5) ao sair do governo, Burity deixou dinheiro na Pbtur e Suplan para serem feitos os pagamentos das empresas que elaboravam os projetos para resolver as pendencias existentes, principalmete as relativas ao RIMA. Ao assumir o novo governador, esses recursos foram carimbados para a construção de um hotel em Campina Grande e o projeto abandonado, pois como se sabe, até mesmo a posteação foi arrancada.

6) Cerca de 20 empresas da Bahia, São Paulo, Natal e Recife, além das paraibanos, compraram todos os lotes ofertados.

7) Os empresários não têm a menor responsabilidade pelo travamento permanente do projeto. A responsabilidade é toda do governo, que, por motivos diversos, inclusive politicos, não encontra solução para o problema.

8) De fato, os empresários tinham 3 anos para edificar os hoteis, mas jamais puderam inicia-las já que nem mesmo na prefeitura o projeto está aprovado. 

9) Quando Burity deixa o governo, 4 projetos já estavam aprovados na Sudene, sendo que tres já tinham com certa a participação de rede de bandeira nacional/internacional.

10) O que tem faltado mesmo é decisão politica. E só. Abraços - Wills Leal.

Fonte

 

sexta-feira, 17 de agosto de 2012

Governo espera parecer para destravar Polo

Projeto do Polo Turístico Cabo Branco está parado há 20 anos.
 

net

Até o final deste ano o Governo do Estado deve ter pronto um novo projeto para o Polo Turístico Cabo Branco, que está parado há 20 anos. A revelação foi feita ontem pelo secretário executivo do Turismo, Walter Aguiar. Segundo ele, além da nova forma de ocupação, a administração estadual também aguarda um parecer jurídico para decidir o que será feito com relação aos empresários que ganharam terrenos para explorar na área.
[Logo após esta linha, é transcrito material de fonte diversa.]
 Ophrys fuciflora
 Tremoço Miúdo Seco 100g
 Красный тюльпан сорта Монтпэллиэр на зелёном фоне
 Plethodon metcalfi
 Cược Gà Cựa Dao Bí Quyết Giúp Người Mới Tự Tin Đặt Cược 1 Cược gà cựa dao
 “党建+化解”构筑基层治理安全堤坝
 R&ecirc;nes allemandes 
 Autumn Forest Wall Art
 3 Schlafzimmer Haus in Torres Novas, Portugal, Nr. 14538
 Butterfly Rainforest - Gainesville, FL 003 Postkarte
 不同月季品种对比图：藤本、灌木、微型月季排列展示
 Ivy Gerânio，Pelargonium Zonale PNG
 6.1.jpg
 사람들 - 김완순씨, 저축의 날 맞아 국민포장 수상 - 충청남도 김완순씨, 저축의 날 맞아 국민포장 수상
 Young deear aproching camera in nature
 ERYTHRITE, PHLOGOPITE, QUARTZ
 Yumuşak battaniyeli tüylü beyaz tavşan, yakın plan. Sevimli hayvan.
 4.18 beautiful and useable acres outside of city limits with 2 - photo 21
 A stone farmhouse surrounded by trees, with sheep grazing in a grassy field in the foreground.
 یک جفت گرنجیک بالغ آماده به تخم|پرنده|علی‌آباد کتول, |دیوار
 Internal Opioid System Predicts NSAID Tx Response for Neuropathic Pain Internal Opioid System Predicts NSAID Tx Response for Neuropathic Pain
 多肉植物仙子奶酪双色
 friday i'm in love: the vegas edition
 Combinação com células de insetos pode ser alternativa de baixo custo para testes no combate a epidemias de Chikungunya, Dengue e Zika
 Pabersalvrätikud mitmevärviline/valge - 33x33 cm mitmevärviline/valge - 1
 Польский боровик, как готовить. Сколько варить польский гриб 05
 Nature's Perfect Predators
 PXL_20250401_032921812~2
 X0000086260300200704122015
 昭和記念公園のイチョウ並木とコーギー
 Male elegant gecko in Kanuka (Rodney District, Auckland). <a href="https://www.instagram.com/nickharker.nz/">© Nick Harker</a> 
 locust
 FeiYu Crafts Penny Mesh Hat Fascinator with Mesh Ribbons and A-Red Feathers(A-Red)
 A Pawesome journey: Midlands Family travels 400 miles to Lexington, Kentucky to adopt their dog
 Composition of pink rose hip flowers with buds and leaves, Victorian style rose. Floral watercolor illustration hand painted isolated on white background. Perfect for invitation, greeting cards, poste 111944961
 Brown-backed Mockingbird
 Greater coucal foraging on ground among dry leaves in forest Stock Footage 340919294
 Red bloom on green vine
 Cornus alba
O compromisso de destravar o Polo Turístico foi assumido pelo governador Ricardo Coutinho (PSB) logo após ele assumir o Governo do Estado. De acordo com Walter Aguiar, a principal dificuldade para o destravamento está na questão dos antigos proprietários, pois o Estado precisa saber o que será feito com eles antes de tomar qualquer atitude. “O governo está analisando e vai tomar uma decisão com base em um embasamento jurídico”, afirmou.

Walter não quis adiantar se o caminho tomado pelo Estado será a desapropriação dos terrenos para que haja uma nova licitação. Para ele, é muito cedo e tudo vai depender da decisão jurídica.

Ele explicou, inclusive, que nos últimos anos foram elaborados pelo menos outros três pareceres jurídicos e em todos eles foi constatado que havia vícios na licitação que distribuiu os terrenos. “Mas, não dá para fazer apenas em cima disso. Queremos fazer com que a decisão que venha a ser tomada seja definitiva e que não deixe brecha para a coisa travar”, completou o secretário.

O novo projeto do Polo Turístico e o parecer jurídico que vai normatizar a nova ocupação da área estão sendo elaborados pelo governo em parceria com empresas privadas, que Walter Aguiar preferiu não dizer os nomes. “São muitos interesses e o governo se resguarda no direito de não revelar maiores detalhes”, ponderou.

Tanto o parecer como o novo projeto de ocupação, chamado de 'masterplan', devem estar prontos até o final de 2012. Depois disso, Walter Aguiar acredita que em cerca de seis a oito meses o Polo comece a ser destravado. Ele explicou ainda que foi necessário ser feito outro projeto em função da legislação ambiental que mudou muito nos últimos 20 anos.

O secretário de Turismo e Desenvolvimento Econômico, Renato Feliciano, enfatizou que o Polo Turístico do Cabo Branco vai fazer com que cresça a demanda da cadeia produtiva turística local.

“O primeiro equipamento daquele Polo, que é uma parte do destravamento, o governo já vai entregar agora no dia 26, que é a primeira etapa do Centro de Convenções”, disse Renato Feliciano.